China’s Path to Innovation

July 18, 2016
Entrepreneurship, Innovation

Ideas can arrive in a flash, but innovation takes time.

Electric automaker Tesla, for example, was founded in 2003 but did not produce its first mass-market product until 2012.

Successful innovators share patience, an appetite for risk, and a knack for producing new technologies that satisfy a deep human desire, said Tom Zhu, general manager of Tesla China.

"They know what people want," he said, "that they didn't know they wanted."

The entire Chinese economy is now trying to play that same innovation long game, according to business leaders who spoke at the Duke International Forum at Duke Kunshan University.

Zhu, a 2010 graduate of the Daytime MBA program at Duke University's Fuqua School of Business, said the sheer size of the Chinese market "will not just encourage domestic innovation, but also attract lots of advanced technology globally to this market. That will help us accelerate in the coming years and to excel in so many areas."

China's shift in focus from production to innovation — from manufacturing products designed overseas to designing the products its factories are shipping all over the world — requires a cultural sea change.

"Imagine the U.S. being told, 'Hey, the way you've been doing things for the last 50 years, you're going to have to do them differently,'" said Briand Greer, president of Honeywell Southeast Asia and member of Fuqua's East Asia Regional Advisory Board.
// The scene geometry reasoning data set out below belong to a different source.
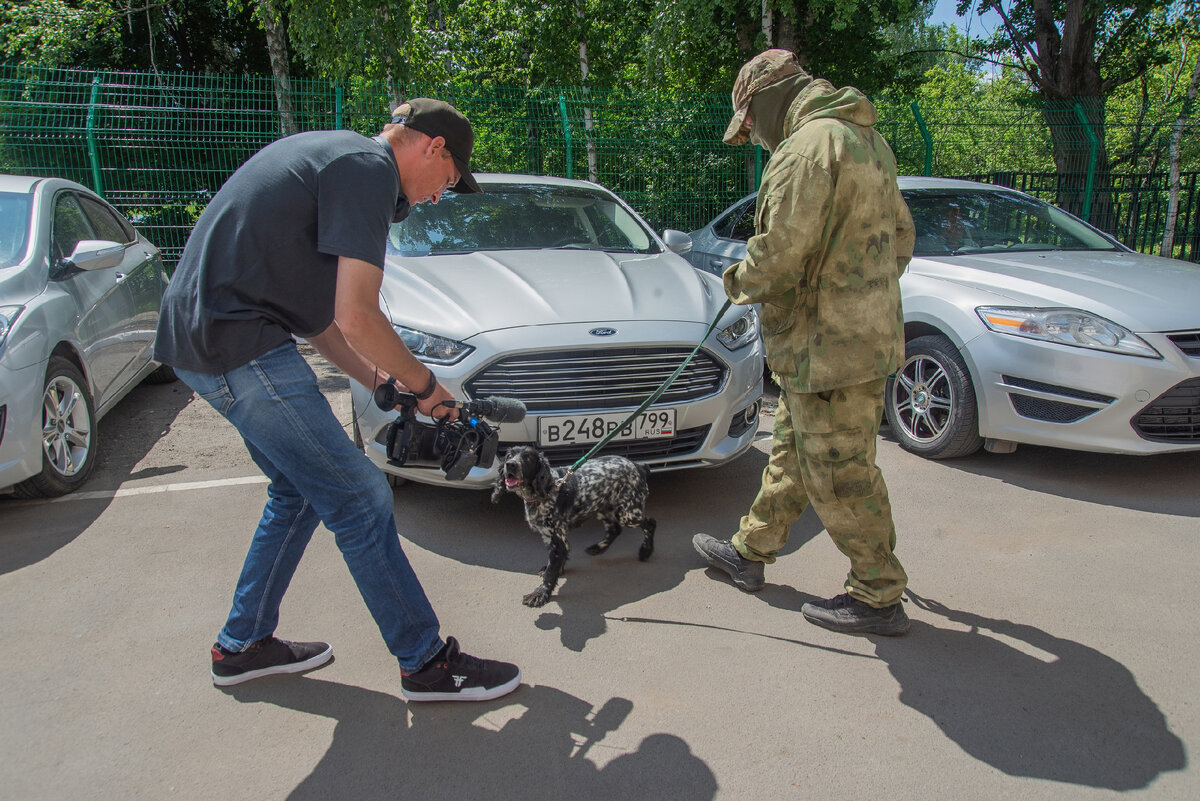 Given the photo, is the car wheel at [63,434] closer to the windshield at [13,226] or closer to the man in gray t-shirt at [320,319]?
the windshield at [13,226]

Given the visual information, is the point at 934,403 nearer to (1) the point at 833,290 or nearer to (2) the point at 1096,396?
(2) the point at 1096,396

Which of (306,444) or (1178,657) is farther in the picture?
(1178,657)

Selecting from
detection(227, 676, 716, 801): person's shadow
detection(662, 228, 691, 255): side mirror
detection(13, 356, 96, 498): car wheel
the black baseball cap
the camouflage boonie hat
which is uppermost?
the camouflage boonie hat

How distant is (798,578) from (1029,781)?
1348mm

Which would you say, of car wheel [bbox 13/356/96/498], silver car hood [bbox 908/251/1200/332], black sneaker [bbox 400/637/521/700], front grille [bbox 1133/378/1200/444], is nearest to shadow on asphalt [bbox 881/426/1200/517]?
front grille [bbox 1133/378/1200/444]

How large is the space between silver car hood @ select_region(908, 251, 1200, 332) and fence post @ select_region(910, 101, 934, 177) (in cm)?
572

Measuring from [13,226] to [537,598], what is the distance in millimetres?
3917

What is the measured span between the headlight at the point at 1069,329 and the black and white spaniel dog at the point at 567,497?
2337mm

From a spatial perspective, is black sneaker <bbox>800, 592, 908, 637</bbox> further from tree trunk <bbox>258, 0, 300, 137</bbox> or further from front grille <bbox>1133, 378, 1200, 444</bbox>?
tree trunk <bbox>258, 0, 300, 137</bbox>

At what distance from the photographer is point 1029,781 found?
7.64ft

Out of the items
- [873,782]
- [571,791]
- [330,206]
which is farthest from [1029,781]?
[330,206]

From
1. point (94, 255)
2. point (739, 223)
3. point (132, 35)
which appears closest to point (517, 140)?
point (739, 223)

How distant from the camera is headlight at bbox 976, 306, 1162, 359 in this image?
174 inches

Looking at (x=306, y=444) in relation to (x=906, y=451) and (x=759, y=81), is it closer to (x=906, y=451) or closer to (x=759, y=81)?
(x=759, y=81) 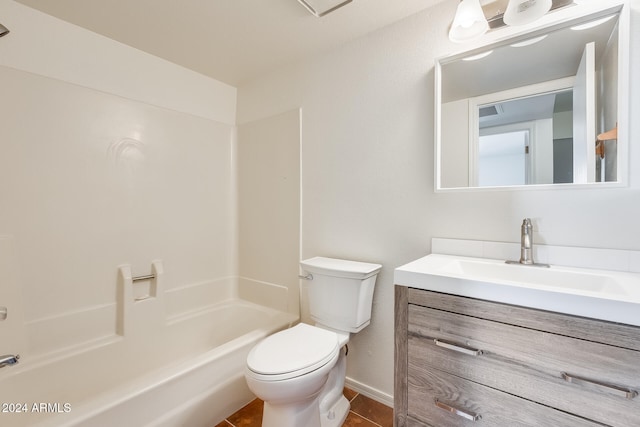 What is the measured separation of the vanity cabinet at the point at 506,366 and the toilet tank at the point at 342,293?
43 cm

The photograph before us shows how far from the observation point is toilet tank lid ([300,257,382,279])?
1.48 m

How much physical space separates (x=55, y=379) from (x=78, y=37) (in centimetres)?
186

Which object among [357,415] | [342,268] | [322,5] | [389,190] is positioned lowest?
[357,415]

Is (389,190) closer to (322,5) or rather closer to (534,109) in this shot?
(534,109)

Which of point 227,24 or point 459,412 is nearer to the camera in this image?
point 459,412

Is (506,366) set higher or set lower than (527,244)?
lower

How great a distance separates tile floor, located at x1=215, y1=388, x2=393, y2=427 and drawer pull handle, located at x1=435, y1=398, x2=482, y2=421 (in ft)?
2.10

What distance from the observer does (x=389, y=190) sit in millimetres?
1596

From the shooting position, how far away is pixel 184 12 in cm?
150

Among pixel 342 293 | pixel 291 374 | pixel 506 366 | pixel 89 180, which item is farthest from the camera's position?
pixel 89 180

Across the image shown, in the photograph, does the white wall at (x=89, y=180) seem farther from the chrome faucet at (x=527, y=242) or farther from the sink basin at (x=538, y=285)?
the chrome faucet at (x=527, y=242)

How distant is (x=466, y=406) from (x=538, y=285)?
469 mm

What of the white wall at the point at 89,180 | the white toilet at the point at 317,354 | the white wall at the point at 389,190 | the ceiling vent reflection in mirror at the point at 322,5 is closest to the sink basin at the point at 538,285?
the white wall at the point at 389,190

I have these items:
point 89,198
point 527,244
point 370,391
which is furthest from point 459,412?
point 89,198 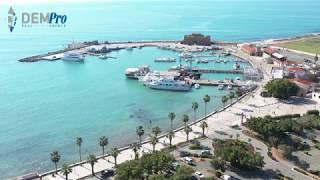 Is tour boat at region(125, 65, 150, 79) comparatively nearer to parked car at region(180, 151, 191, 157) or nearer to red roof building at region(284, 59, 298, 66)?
red roof building at region(284, 59, 298, 66)

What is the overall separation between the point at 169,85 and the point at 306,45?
188 feet

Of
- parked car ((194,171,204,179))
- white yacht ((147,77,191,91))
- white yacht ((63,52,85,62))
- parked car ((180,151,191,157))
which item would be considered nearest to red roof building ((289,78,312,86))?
white yacht ((147,77,191,91))

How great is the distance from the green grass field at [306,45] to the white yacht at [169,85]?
46778 mm

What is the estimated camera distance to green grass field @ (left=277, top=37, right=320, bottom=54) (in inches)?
4313

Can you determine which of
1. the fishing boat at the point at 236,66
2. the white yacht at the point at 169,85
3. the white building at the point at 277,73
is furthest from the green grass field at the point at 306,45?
the white yacht at the point at 169,85

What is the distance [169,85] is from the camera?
76250mm

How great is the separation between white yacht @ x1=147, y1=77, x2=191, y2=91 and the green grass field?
46778 mm

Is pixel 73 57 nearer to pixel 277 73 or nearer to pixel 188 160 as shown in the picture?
pixel 277 73

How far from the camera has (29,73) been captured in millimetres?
92062

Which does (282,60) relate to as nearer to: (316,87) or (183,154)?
(316,87)

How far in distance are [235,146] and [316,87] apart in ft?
114

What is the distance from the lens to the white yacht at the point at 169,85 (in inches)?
2975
China has manufactured airplanes for decades, but is now working to adapt to western certification standards to crack that market, Greer said.

"Technology is not the issue for China," he said. "It's not about their technical expertise, it's more around the system piece, from a programmatic perspective, being able to organize all of this."

Integrating the countless systems in a new aircraft to unfamiliar standards is dizzyingly complex, Greer said.

"China's trying to do alone what is an incredibly difficult thing to do," he said. "They're trying to do in a fairly short period of time what it took the rest of the world generations to do."

That takes patience, which Poman Lo said many Chinese entrepreneurs lack. Lo, a 1999 graduate from Duke, is founder and CEO of Century Innovative Technology, a China-based family edutainment company.

While many companies profess a grand and noble vision, she said, it's often the case that "in fact, the underlying vision is simply to make most profits in the shortest available time."

For example, it costs about $800 million to develop a new drug in China, said Yi Shi, managing partner of Lilly Asia Ventures, a biotech investment firm. He said that's about the same as it costs to build a Shanghai skyscraper.
"Investors would rather build the skyscraper and collect the rent," he said.

Shi, a 1999 graduate of Fuqua's Daytime MBA program, said China is producing pharmaceutical innovation for the multinational companies, who snap up individual Chinese talent. Chinese startups have found it too expensive to produce drugs to the international standards that would allow them to export, he said. But change is coming. Shi said some startups have begun licensing their products to multinationals as a way of marketing them overseas.

"That's probably the beginning of a wave that we'll see in the coming years," he said.

Still, Shi said, it's important not to let success stories obscure the associated risks.

"I can tell you innovation is a tough, tough business," he said. "Investing in innovation is extremely risky.  Most people still don't appreciate how risky it is. People only look at the successful cases and not at the 90 percent that failed."

Prasad Boradkar, a professor of industrial design at Arizona State University, said while there is a lot of focus on disruptive ideas, innovation often comes about when firms make incremental changes in areas such as product or service design; business model; brand experience; sustainability; or internal processes. But, he added, that's not easy, especially for large companies.

"It's sometimes easier for startups to make these sort of changes, to incorporate design into the way they think," Boradkar said. "They are smaller. They are agile. They can institute change more quickly."

Slowly though, multinationals in China including IBM, 3M and others are also working to foster innovation, he said.

"I think large organizations are recognizing that to build a culture of innovation," he said, "you need to start thinking like a startup."

Despite the challenges, Greer said China has proved before that it can change, and fast.

"Never underestimate China and how fast it can move," he said. "When China decides it wants to move, it has the resources and the will to do it very quickly, and it can turn on a dime."